Iraqi tanks advance through the desert towards the town of Al-Qaim on the Syrian border which they recaptured from the Islamic State group on November 3, 2017

A commander with the Iranian-allied Shiite militias fighting in Iraq argued this week that U.S. military troops who continue to back the Middle Eastern country’s forces against the Islamic State (ISIS/ISIL) pose a threat to the nation’s unity.

Known as the Hashd al-Shaabi, Arabic for the Popular Mobilization Forces/Units (PMF/PMU), the umbrella organization made up predominantly of Iranian-backed Shiite militias has been fighting ISIS alongside American troops and their allies in Iraq.

Nevertheless, members of Congress have proposed a bipartisan bill to designate at least two PMF components—Asaib Ahl al-Haq (League of the Righteous) and Harakat Hezbollah al Nujaba—as terrorist groups and give President Donald Trump 90 days to impose sanctions on them.

The proposal has prompted some of the Shiite militiamen to deem the American troops in Iraq their “enemy.”

Placing “Hashd al-Shaabi factions on the U.S. terror list is part of a plot against the entire outfit [PMF] because [the U.S. and their Sunni Gulf countries allies] have failed in dividing and fragmenting Iraq,” declared Jabbar al-Maamouri, a PMF commander, reports Kurdistan24, citing the Arabic-language Alsumaria News.

The Shiite militia chief accused the U.S. and their alleged Sunni allies of trying to assassinate PMF members.

Iraq would continue to suffer “from conspiracies and acts of sedition” as long as the American troops maintain a presence in the country, added Maamouri, urging Shiites to unite against the U.S. military.

Several PMF factions, including the aforementioned Hezbollah Brigades and AAH, which has American blood on its hands, have threatened U.S. troops since they returned to Iraq in 2013 to combat ISIS.

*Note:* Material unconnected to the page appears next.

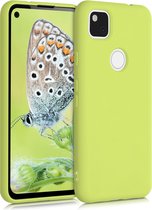 kwmobile telefoonhoesje voor Google Pixel 4a - Hoesje voor smartphone - Back cover in matcha groen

The Institute for the Study of War reported in December 2012 that AAH claimed more than 6,000 attacks on U.S. troops between 2006 and 2011.

Experts estimate there are currently between 100,000 and 120,000 PMF fighters in Iraq.

Abdullatif al-Amidi, the commander of the Saraya al-Ashura PMF faction, recently threatened the U.S. as “our direct enemy,” demanding American troops leave.

Although American troops have fought alongside the PMF, praising them for their contribution to the fight against ISIS, U.S. Secretary of State Rex Tillerson recently urged the Shiite fighters to “go home.”

Rep. Ted Poe (R-TX) recently introduced the bipartisan Iranian Proxies Terrorist Sanctions Act of 2017 that imposes terrorist sanctions on “two of the most nefarious Iranian-controlled militias in Iraq and Syria: As-Saib Ahl Al-Haq and Harakat Hizballah Al-Nujaba,” notes the congressman’s office.

Reuters reports that the Iraqi government, which legalized the PMF as an official force within of the Iraqi military in November 2016, and Iraqi Prime Minister Haider al-Abadi oppose the bill, saying they would not permit anyone who fought ISIS to labeled as criminals.